Khosrowshahi terá de pedalar bastante para levar a Uber para o próximo nível. “Em vez de fazer o tradicional tour de ouvir os funcionários, ele terá de ouvir e falar simultaneamente”, diz Micah Alpern, analista da consultoria americana de gestão A.T. Kearney. “Khosrowshahi terá redefinir a cultura da Uber e ser a face visível para os empregados, os investidores, o conselho e a mídia.” Em seu primeiro contato com os funcionários, ele estava ao lado de Arianna Huffington e Kalanick, membros do conselho de administração. “Um de seus grandes desafios é ficar longe de Kalanick”, afirma Vivek Wadhwa, membro eminente da Singularity University e da Stanford University. “Ele é tóxico.”

Selfie: Kalanick, Khosrowshahi (centro) e Arianna em foto com os funcionários da Uber, em São Francisco (Crédito:Divulgação)

 

Kalanick, que renunciou ao cargo de CEO em junho, está no centro da crise da Uber. Ele é considerado um empreendedor visionário, mas que não soube criar uma cultura corporativa. Neste ano, denúncias de assédio sexual e moral explodiram.. Isso levou a queda do fundador da startup e a um clima de guerra entre os investidores. A Benchmark Capital, uma das maiores acionistas da empresa com 13% do capital, por exemplo, está processando Kalanick.

Khosrowshahi terá de lidar com essa herança maldita da gestão de Kalanick. A mais recente delas estourou na semana passada. O Departamento de Justiça dos Estados Unidos está investigando a companhia, acusada pagar propina fora dos Estados Unidos. Khosrowshahi terá de estabilizar a companhia e colocar em campo um plano para recuperar a imagem da Uber”, diz Rob Enderle, analista da Enderle Group.

É cedo para saber como Khosrowshahi agirá, mas ele já deu pelo menos um indício. Na conversa com funcionários afirmou que pretende abrir o capital da empresa. Não se comprometeu com prazos, apenas estabelecendo que isso pode acontecer entre 18 meses e 36 meses. É um sinal claro que, ao ir ao mercado, a Uber terá de ter regras de governança mais transparente, o que exigirá apoio do conselho de administração. “Ele precisará desenvolver uma forte relação com os conselheiros, apesar das brigas que estão em curso”, afirma Alpern, da A.T. Kearney. “Só assim conseguirá fazer as mudanças que quer.”
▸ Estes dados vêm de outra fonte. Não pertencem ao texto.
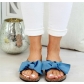 Bow tie flat bottomed slippers for women wearing lazy shoes HWJ664-1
Experiência não deve faltar a Khosrowshahi, um iraniano que imigrou para os Estados Unidos em 1978, quando tinha nove anos de idade. Seus pais estavam fugindo de um Irã convulsionado por uma revolução. Foi morar no Estado de Nova York, onde passou toda a sua adolescência. Formou-se em engenharia na Brown University, em Rhode Island. Sua carreira executiva começou a decolar quando foi trabalhar com Barry Diller, magnata americano dono do conglomerado de internet IAC, que comprou o site de turismo online Expedia, em 2001, da Microsoft. Quatro anos depois, tornou-se CEO da Expedia, onde ficou por 12 anos. Em sua gestão, a receita saltou de US$ 2,1 bilhões, em 2005, para US$ 8,7 bilhões, em 2016, transformando-se na maior agência de turismo online dos Estados Unidos. Agora, sua missão é, literalmente, dirigir a Uber. A corrida do novo motorista do aplicativo de transporte já está em curso.